> YOUR OBJECTIVE
Reproduce only this stretch of the listing below: from the line with "Gorgeous New Build" through the line with "Contemporary Modern Onyx", exactly as written, with pictures excluded.

> DATA IN THIS EXERCISE
*** Begin section ***
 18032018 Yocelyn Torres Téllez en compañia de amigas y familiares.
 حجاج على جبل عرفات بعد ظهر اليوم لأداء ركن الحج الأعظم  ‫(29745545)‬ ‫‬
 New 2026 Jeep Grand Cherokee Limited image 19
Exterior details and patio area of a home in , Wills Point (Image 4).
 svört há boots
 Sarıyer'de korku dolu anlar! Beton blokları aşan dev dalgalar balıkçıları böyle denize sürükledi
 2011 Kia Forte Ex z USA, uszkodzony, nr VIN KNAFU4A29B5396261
*** End section ***
*** Begin section ***
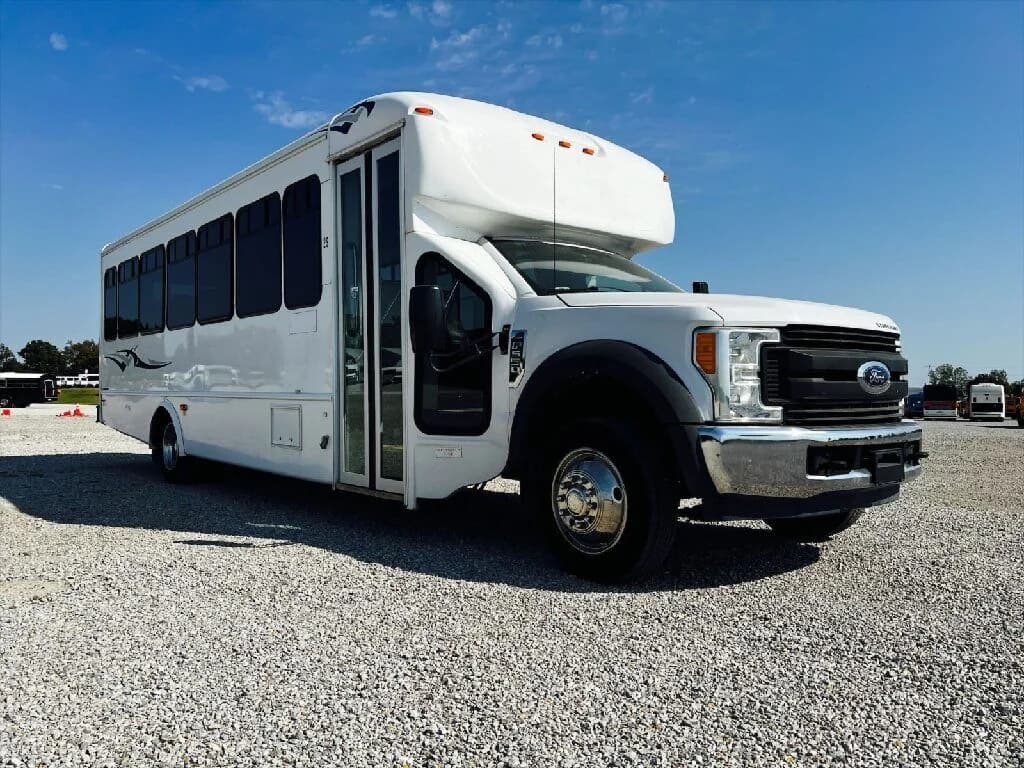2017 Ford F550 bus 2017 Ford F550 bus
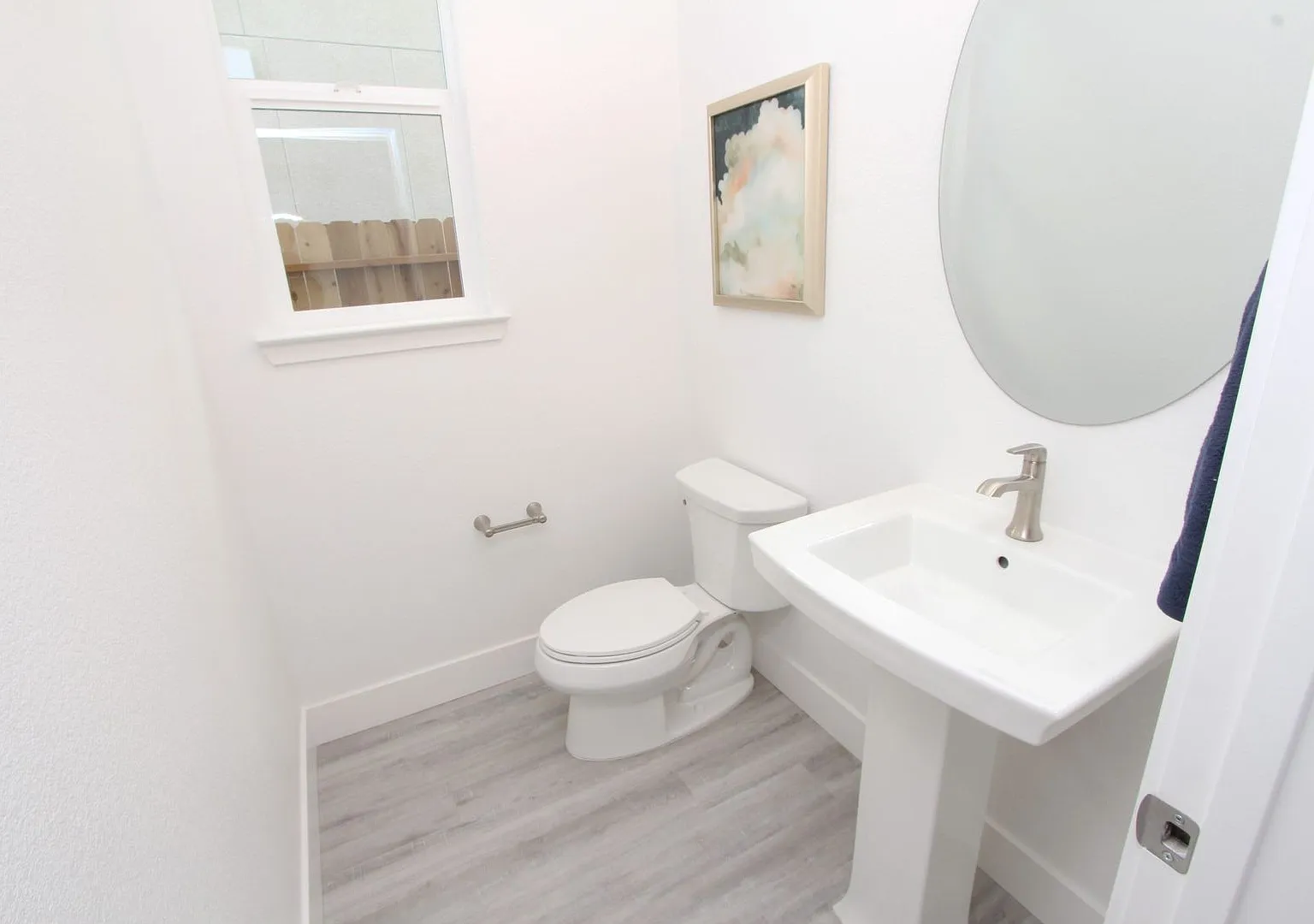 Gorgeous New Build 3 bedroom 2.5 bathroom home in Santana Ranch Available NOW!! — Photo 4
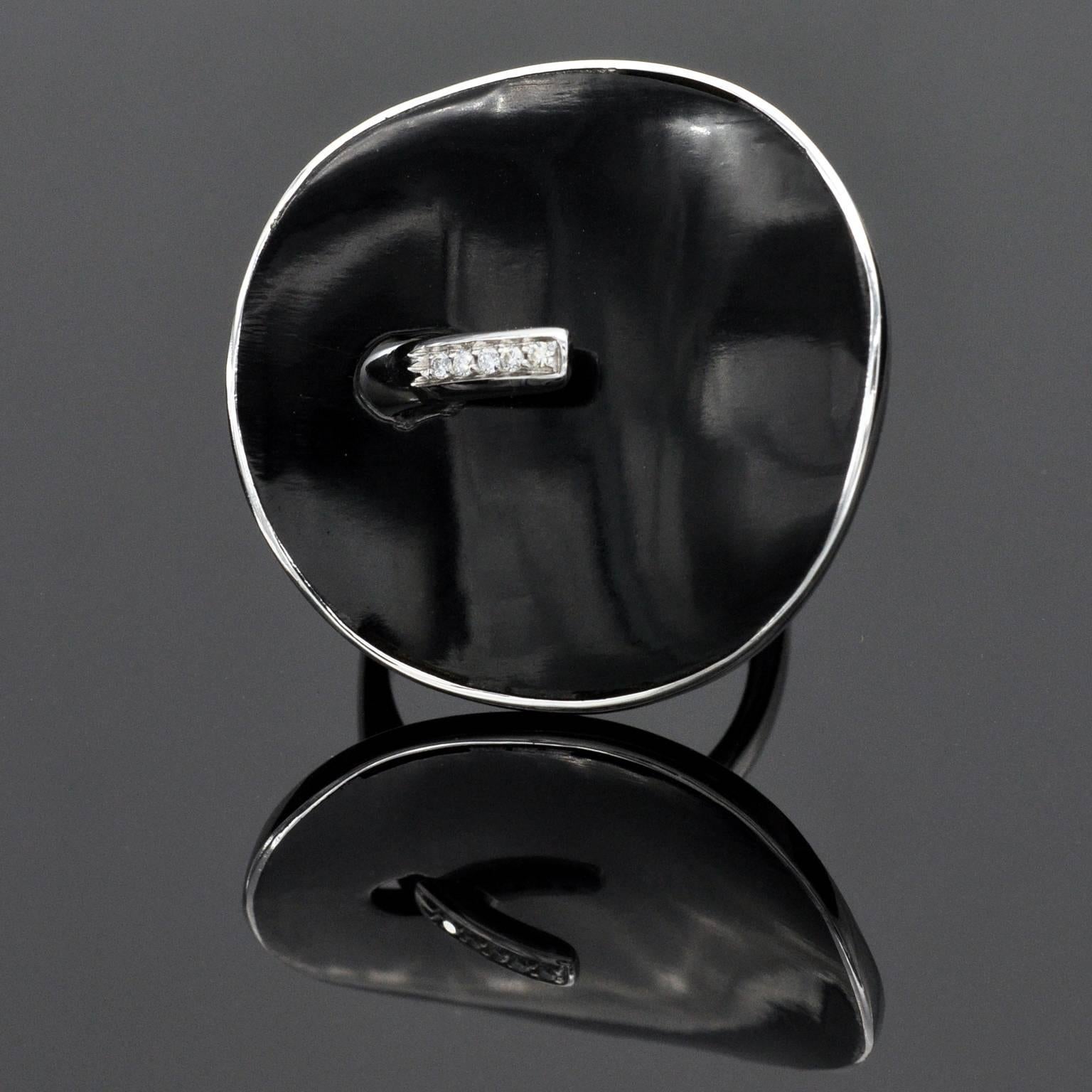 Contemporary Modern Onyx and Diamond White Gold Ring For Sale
*** End section ***
*** Begin section ***
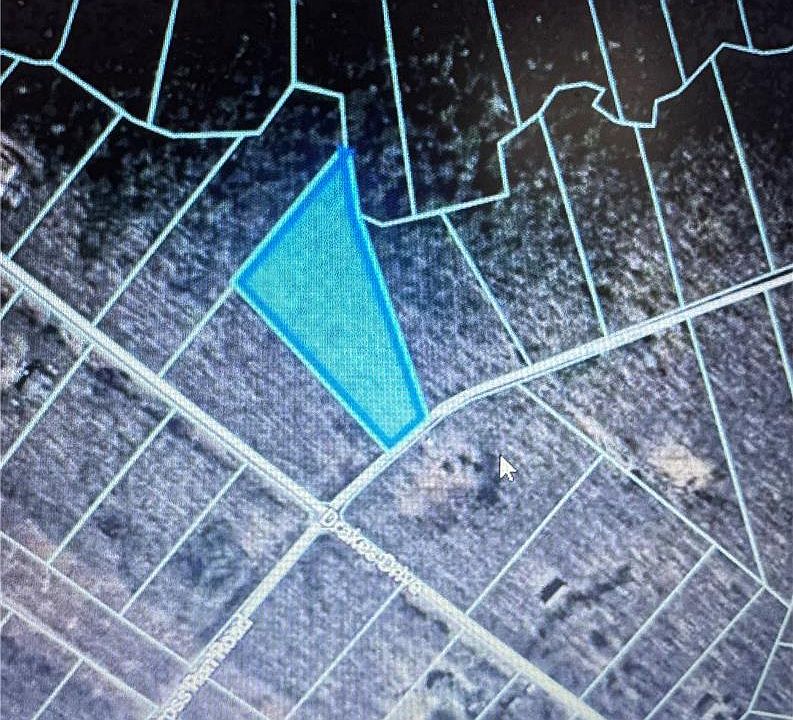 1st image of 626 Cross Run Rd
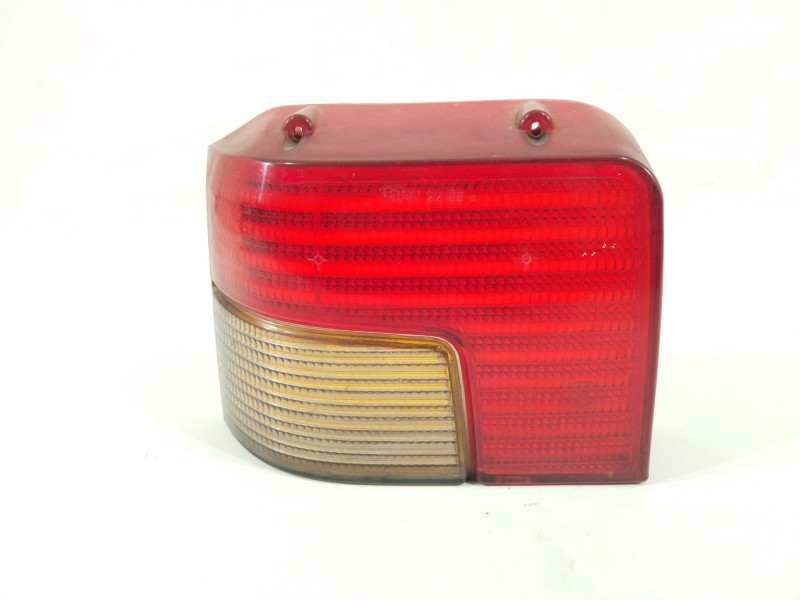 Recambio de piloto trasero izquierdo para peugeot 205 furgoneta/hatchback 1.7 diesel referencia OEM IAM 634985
*** End section ***
> RESPONSE TO THE EXERCISE
 Gorgeous New Build 3 bedroom 2.5 bathroom home in Santana Ranch Available NOW!! — Photo 4
 Contemporary Modern Onyx and Diamond White Gold Ring For Sale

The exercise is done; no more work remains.